Segment Open

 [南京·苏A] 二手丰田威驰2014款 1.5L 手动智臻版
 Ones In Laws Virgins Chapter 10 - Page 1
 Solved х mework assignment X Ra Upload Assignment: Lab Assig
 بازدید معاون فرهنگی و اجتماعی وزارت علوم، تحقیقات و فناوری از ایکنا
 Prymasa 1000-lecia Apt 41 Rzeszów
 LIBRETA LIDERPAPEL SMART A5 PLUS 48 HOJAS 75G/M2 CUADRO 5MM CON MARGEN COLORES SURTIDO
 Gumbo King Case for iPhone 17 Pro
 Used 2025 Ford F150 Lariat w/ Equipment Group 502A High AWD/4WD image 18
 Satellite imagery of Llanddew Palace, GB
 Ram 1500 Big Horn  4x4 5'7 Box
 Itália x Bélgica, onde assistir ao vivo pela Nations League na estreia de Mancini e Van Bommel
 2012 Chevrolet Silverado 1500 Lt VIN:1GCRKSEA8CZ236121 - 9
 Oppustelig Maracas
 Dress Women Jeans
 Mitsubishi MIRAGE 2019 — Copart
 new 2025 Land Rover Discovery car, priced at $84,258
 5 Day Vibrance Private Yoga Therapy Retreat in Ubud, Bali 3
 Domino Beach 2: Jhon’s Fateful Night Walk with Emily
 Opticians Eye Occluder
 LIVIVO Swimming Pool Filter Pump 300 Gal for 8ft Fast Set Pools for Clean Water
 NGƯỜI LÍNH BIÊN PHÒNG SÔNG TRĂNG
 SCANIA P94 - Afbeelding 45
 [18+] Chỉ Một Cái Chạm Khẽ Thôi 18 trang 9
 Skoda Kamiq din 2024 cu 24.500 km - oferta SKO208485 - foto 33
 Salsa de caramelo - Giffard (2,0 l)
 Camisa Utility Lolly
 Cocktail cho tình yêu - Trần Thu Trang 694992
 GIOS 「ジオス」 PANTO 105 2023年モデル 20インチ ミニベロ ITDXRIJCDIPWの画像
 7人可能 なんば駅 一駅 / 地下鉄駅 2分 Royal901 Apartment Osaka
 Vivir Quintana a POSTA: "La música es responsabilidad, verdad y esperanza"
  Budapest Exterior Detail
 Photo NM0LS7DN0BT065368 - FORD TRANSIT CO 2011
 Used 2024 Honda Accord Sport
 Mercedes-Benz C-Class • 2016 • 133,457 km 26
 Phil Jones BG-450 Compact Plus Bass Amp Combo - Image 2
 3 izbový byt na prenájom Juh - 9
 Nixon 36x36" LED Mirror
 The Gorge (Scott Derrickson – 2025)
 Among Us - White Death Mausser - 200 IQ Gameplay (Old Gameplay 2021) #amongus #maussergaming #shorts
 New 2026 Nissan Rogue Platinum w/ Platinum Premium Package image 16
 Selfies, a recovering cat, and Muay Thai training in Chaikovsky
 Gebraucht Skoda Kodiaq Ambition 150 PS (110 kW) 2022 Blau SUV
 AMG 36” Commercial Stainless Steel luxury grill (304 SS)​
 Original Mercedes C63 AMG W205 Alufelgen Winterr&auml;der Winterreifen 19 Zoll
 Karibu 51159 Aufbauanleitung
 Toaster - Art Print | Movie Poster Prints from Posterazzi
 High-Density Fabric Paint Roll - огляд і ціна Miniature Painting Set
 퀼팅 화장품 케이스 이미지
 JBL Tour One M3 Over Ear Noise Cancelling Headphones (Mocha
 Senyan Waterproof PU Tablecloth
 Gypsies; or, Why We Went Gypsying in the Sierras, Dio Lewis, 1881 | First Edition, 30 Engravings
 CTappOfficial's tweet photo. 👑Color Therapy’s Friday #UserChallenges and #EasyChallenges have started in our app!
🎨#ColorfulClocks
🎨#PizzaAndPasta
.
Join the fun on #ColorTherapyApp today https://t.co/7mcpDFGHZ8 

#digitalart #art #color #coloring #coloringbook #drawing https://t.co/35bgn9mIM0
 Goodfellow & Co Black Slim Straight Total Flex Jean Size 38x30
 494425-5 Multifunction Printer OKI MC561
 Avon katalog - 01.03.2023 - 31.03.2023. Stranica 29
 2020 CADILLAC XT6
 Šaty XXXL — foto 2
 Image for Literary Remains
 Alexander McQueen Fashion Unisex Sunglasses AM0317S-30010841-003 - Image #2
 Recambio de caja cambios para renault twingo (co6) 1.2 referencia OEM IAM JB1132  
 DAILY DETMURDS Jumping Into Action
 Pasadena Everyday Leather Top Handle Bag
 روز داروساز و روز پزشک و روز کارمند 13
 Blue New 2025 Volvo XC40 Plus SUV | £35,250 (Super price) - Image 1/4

Segment Closed

* _Your goal_: Each line from the one with "Join the fun" through the end of the entries above must be set down exactly, both end lines included, and no other line may appear.

* _Your response_:
Join the fun on #ColorTherapyApp today https://t.co/7mcpDFGHZ8 

#digitalart #art #color #coloring #coloringbook #drawing https://t.co/35bgn9mIM0
 Goodfellow & Co Black Slim Straight Total Flex Jean Size 38x30
 494425-5 Multifunction Printer OKI MC561
 Avon katalog - 01.03.2023 - 31.03.2023. Stranica 29
 2020 CADILLAC XT6
 Šaty XXXL — foto 2
 Image for Literary Remains
 Alexander McQueen Fashion Unisex Sunglasses AM0317S-30010841-003 - Image #2
 Recambio de caja cambios para renault twingo (co6) 1.2 referencia OEM IAM JB1132  
 DAILY DETMURDS Jumping Into Action
 Pasadena Everyday Leather Top Handle Bag
 روز داروساز و روز پزشک و روز کارمند 13
 Blue New 2025 Volvo XC40 Plus SUV | £35,250 (Super price) - Image 1/4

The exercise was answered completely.